Items from a dataset:

++++++++++

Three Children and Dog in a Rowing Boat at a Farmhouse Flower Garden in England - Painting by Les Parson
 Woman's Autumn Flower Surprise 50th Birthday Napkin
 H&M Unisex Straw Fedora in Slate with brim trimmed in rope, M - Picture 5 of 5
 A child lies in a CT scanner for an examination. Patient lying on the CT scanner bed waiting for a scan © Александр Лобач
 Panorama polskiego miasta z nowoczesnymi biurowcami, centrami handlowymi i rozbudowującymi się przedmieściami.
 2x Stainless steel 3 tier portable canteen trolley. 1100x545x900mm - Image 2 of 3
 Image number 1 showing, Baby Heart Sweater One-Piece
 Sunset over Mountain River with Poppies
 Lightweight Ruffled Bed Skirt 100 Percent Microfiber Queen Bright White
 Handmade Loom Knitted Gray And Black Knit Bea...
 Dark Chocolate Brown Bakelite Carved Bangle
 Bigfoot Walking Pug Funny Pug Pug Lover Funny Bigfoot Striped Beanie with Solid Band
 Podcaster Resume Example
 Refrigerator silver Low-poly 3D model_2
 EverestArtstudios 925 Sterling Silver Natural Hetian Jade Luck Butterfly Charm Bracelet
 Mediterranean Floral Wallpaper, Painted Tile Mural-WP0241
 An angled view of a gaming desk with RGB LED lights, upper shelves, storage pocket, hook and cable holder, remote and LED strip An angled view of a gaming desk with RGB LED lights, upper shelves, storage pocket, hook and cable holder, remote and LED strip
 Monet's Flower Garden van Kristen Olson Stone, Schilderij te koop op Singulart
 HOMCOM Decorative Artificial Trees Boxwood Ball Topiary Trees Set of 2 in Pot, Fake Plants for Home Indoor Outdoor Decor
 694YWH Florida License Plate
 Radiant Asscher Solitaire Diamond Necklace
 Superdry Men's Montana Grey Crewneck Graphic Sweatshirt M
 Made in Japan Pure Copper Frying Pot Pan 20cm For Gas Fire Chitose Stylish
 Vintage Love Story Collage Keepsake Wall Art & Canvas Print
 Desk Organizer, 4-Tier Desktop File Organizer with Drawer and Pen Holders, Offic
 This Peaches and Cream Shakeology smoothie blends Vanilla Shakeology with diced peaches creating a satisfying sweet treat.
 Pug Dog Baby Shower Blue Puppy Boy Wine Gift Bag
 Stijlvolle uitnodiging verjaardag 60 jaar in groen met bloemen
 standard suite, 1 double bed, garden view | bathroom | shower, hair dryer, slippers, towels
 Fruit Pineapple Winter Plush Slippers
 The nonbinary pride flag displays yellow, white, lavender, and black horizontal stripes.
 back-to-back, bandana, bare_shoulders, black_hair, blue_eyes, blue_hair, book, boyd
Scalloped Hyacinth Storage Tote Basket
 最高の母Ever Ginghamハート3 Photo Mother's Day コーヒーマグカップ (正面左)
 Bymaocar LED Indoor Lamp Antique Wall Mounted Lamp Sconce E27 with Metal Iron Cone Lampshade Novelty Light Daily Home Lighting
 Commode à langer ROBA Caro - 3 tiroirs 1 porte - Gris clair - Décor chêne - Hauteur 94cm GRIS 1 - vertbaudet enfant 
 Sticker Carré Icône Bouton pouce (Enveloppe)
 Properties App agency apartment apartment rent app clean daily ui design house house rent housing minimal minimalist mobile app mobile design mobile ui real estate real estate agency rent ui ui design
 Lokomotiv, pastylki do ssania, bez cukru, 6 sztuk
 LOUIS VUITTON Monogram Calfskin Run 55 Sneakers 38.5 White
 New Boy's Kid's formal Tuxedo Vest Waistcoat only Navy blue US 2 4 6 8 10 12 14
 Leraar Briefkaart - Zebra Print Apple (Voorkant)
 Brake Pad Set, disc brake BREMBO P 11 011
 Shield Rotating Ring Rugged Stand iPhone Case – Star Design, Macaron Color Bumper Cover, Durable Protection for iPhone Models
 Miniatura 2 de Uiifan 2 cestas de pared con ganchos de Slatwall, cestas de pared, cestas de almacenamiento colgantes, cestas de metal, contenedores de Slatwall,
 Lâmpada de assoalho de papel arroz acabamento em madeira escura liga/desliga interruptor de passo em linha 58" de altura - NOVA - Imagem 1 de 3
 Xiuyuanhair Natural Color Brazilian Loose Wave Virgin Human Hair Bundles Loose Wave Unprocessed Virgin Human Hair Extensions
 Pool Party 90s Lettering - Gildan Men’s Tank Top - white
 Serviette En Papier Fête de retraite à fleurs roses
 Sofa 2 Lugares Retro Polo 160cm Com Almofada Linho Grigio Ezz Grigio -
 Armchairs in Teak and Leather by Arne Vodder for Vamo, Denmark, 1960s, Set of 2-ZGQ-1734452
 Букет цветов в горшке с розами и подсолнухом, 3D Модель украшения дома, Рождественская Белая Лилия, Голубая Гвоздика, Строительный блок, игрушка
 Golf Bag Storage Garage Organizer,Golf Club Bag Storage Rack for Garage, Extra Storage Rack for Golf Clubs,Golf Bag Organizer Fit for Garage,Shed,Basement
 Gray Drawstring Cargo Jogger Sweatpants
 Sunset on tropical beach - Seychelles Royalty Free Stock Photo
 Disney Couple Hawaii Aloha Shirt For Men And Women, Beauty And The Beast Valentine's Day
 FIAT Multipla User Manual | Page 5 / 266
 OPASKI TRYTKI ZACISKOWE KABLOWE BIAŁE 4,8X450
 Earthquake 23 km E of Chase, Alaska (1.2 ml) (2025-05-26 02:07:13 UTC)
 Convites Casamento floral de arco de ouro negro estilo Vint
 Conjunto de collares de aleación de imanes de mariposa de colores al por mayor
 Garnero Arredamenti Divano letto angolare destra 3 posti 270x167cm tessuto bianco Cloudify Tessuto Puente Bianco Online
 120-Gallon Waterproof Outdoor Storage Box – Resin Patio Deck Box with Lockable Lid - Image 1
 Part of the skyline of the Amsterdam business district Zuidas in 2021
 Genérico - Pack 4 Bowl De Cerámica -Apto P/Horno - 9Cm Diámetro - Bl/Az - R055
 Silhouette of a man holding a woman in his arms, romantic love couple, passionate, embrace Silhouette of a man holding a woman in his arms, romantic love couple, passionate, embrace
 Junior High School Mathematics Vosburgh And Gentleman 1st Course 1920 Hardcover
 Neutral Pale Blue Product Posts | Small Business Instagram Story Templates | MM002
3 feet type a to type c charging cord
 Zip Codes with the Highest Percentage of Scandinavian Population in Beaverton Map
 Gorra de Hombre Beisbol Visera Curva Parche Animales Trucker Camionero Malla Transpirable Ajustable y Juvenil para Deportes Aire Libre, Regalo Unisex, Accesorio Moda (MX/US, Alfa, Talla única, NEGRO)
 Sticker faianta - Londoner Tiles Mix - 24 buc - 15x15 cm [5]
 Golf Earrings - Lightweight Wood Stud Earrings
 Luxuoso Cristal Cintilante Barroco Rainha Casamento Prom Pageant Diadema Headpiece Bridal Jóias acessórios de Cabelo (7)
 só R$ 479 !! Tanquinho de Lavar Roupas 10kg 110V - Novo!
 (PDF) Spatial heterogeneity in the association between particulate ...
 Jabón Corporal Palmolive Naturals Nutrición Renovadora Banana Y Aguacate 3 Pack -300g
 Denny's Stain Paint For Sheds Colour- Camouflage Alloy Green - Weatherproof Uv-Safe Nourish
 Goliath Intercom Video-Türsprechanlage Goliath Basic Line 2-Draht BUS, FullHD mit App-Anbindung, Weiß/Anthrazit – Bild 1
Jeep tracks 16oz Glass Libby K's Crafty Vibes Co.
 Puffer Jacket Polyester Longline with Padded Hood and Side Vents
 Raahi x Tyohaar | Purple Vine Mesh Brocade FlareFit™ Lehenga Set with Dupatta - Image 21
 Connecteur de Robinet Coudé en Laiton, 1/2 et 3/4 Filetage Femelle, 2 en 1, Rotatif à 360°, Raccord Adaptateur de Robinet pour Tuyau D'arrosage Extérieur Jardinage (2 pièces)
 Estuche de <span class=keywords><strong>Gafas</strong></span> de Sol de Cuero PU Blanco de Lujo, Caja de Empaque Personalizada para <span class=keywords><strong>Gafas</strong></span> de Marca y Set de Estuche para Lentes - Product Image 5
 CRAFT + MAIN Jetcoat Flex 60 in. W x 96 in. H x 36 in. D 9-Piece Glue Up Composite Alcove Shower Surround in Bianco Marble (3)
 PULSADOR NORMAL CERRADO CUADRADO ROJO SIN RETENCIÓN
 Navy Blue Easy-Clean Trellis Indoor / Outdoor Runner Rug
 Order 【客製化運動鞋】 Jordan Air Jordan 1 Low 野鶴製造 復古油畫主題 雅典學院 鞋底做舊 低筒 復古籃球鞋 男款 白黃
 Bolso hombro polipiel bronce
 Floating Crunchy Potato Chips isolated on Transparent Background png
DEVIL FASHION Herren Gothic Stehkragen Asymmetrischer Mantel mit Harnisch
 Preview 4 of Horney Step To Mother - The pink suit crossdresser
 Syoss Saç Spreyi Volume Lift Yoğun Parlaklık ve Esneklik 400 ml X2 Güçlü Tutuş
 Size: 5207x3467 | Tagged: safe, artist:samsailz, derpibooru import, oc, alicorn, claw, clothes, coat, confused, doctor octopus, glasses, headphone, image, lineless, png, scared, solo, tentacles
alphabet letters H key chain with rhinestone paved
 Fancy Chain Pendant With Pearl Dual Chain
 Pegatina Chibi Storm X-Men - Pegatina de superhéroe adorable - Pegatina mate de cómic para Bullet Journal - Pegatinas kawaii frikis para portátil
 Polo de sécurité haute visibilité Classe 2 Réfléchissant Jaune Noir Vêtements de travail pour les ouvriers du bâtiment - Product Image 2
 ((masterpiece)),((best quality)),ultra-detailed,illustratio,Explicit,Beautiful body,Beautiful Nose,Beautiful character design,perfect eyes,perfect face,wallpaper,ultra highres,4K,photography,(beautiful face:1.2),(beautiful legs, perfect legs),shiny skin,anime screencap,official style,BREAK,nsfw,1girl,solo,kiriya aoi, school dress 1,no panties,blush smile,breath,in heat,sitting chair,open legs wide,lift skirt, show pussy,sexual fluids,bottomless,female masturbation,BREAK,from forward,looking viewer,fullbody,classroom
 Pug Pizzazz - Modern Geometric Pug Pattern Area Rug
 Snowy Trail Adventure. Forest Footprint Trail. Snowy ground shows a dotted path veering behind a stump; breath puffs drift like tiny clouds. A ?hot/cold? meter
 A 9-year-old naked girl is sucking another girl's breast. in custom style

++++++++++

| TASK DETAILS |
Set down exactly the lines that begin the records and continue through the line bearing "Dark Chocolate Brown Bakelite Carved Bangle"; include both ends.

| SOLUTION BELOW |
Three Children and Dog in a Rowing Boat at a Farmhouse Flower Garden in England - Painting by Les Parson
 Woman's Autumn Flower Surprise 50th Birthday Napkin
 H&M Unisex Straw Fedora in Slate with brim trimmed in rope, M - Picture 5 of 5
 A child lies in a CT scanner for an examination. Patient lying on the CT scanner bed waiting for a scan © Александр Лобач
 Panorama polskiego miasta z nowoczesnymi biurowcami, centrami handlowymi i rozbudowującymi się przedmieściami.
 2x Stainless steel 3 tier portable canteen trolley. 1100x545x900mm - Image 2 of 3
 Image number 1 showing, Baby Heart Sweater One-Piece
 Sunset over Mountain River with Poppies
 Lightweight Ruffled Bed Skirt 100 Percent Microfiber Queen Bright White
 Handmade Loom Knitted Gray And Black Knit Bea...
 Dark Chocolate Brown Bakelite Carved Bangle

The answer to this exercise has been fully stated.